With
alcohol one superficially rediscovers the heartbreaking emotion that makes most
men and women at one time or another the world’s master,
—and
its servant…!
Alcohol,
makes a person’s hand idle — shunning work!
Alcohol
is what s/he lives for…
The
very thing s/he spends hours sitting, daydreaming, in smoked-filled, noisy
bars…
A
strange sorrow with no tomorrow—
Asked,
“What does an alcoholic need to stop?”
Says
the respondent: “Something better than what he’s got, why else would he stop!”
#5099 (1 April, 2016
Note 1:
The author has not done much in the area of alcoholism in a long time,
being at one time a professional drinker, meaning, an alcoholic. So this poem,
is the catch up poem, for after 33-years of sobriety, its way overdue.

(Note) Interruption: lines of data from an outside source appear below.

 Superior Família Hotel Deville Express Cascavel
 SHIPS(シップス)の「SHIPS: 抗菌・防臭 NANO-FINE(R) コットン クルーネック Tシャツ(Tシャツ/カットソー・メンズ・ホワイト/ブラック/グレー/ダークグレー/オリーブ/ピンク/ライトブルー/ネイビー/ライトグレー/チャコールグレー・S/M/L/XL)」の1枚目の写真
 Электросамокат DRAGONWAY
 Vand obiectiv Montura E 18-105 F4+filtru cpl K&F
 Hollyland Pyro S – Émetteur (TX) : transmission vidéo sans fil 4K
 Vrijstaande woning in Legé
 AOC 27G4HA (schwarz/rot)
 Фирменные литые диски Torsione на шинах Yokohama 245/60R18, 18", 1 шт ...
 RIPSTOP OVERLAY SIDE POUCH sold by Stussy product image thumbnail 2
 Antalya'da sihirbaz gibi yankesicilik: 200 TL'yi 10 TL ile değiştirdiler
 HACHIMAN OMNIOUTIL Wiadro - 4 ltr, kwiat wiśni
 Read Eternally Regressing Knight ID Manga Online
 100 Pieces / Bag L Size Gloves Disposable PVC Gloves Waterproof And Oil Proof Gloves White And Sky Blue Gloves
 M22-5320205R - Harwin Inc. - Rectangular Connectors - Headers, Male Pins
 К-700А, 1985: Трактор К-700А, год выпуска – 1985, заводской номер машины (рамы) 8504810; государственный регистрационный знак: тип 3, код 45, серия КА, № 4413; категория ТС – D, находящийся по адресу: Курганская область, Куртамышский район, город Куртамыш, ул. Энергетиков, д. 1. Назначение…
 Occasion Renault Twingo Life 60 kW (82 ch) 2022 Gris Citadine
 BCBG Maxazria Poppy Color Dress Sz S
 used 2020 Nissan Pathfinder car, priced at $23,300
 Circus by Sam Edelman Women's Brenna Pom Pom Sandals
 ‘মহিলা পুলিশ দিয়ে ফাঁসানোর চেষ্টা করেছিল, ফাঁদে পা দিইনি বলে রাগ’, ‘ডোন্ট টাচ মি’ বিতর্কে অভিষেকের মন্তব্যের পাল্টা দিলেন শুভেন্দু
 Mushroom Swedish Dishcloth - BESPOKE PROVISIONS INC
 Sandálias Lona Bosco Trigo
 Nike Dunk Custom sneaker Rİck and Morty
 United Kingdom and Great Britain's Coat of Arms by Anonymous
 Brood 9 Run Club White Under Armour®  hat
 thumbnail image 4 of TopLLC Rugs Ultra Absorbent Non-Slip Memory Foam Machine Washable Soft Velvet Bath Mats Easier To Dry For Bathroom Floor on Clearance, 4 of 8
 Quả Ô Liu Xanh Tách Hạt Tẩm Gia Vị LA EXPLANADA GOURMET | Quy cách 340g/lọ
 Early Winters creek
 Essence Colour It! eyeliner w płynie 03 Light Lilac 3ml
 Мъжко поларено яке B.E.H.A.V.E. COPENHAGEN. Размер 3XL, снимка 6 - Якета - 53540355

Note 2: The poem is dedicated to:
Samantha Shields, and Mike Kempe, and don’t ask me why!
Note 3:
Being a licensed CD Counselor, in the State of Minnesota, and having
Graduate Studies at the University of Minnesota in that very field, an internship
at Ramsey Hospital, and working in the field for fifteen-years, and writing
three books on alcoholism, now with a Doctorate Degree in Social work, and an
undergraduate degree in Psychology, —not that I need all that to say what I’m
going to say, but, it might help—: when you are drinking you forget that you
have forgot about thinking of other people. You see them, but you really don’t.
One day is like the day before. You say, “Tomorrow we’ll start over,” but
everything begins again as before. Your family and friends hide their tears.
When people talk to you it appears to them that you are talking to yourself,
for the gaze of the drinker is elsewhere.